This weekend (3 to 5 March) you will have a unique opportunity to admire the work of dozens of artists at a World Heritage location: the fortified Fort Island in IJmuiden. The booths of the new Art Island art fair will be set up in a protected 19th century underground corridor system, which means that you certainly won’t have a white cube-like experience. The fair was started by the gallerist duo Brinkman & Bergsma. On GalleryViewer you will find an online catalogue with an overview of the exhibited works and in this article we highlight a number of remarkable works of art that will be on display.
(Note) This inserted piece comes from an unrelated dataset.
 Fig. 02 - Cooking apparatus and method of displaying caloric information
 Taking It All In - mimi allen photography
During Art Island, Galerie Ron Mandos is showing a series of animations, paintings and a piezo print by the Dutch artist Jacco Olivier. The award-winning artist — he was the recipient of the prestigious Jeanne Oosting Prize in 2019 for instance — occupies a unique position within the painterly landscape, because painting and video art come together in a remarkable way in his work. The maker started his artistic career by making paintings. To gain a better understanding of his practice, he started taking photographs of fragments of his work. When you watch these images in quick succession, it creates a painterly animation. It was the start of a series of video artworks in which figuration and abstraction often seem to merge seamlessly. Olivier completed a residency at the Rijksakademie and his work has been exhibited worldwide, including at the 56th Venice Biennale. You can find his work in the collections of Museum Voorlinden and the (Finnish-Polish-British) Zabludowicz Collection in London.
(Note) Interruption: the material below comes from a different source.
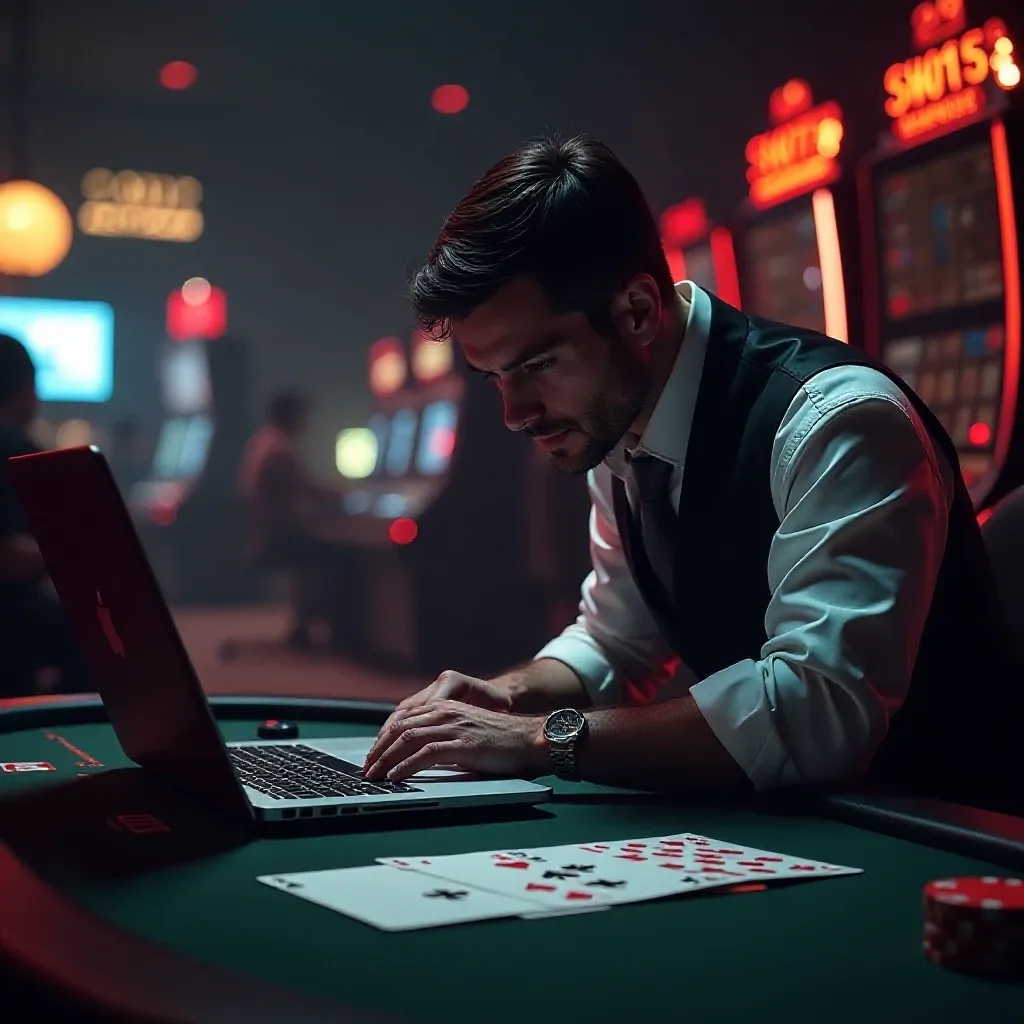 Gambling Failures Landscape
In the booth of andriesse eyck galerie you will be surprised by a series of cheerful carpets by Jakup Ferri, who will also represent his native Kosovo at this year's Venice Biennale. The pixelated patterns of these carpets were designed by the artist's son, in the popular computer game Animal Crossing. Ferri grew up in Pristina in Kosovo and experienced a certain isolation from the western art world. But at the same time, that was also a time in which he gained a deep love for folk art and the craft that goes with that. These carpets were woven by hand in Kosovo and Albania. Ferri also completed a residency at the Rijksakademie van Beeldende Kunsten in Amsterdam and in 2008 he received a Buning Brongers Award. Many of his works deal with the nomadic existence that many artists lead, from residency to international exhibition and vice versa.
In the booth of tegenboschvanvreden, you will find a work that feels quite topical: a miniature (30 cm tall) sculpture of the famous Tank Man, the man who stopped a column of tanks in Beijing's Tiananmen Square in 1989, because he was brave enough to stand in front of it. He became the symbol of the resistance against a powerful system, an iconic image within our collective memory. In his work, the Spanish artist Fernando Sánchez Castillo deals with political power in relation to art, for example during the Spanish Civil War and the dictatorship that followed. It is therefore perhaps not surprising that this image touched him. Castillo has honoured him in various formats in his practice over the years. In a hyper-realistic and life-sized way, as in the work that is now part of the collection of the Centraal Museum, but also in the form of a large field that was filled with thousands of green toy soldier Tank Men.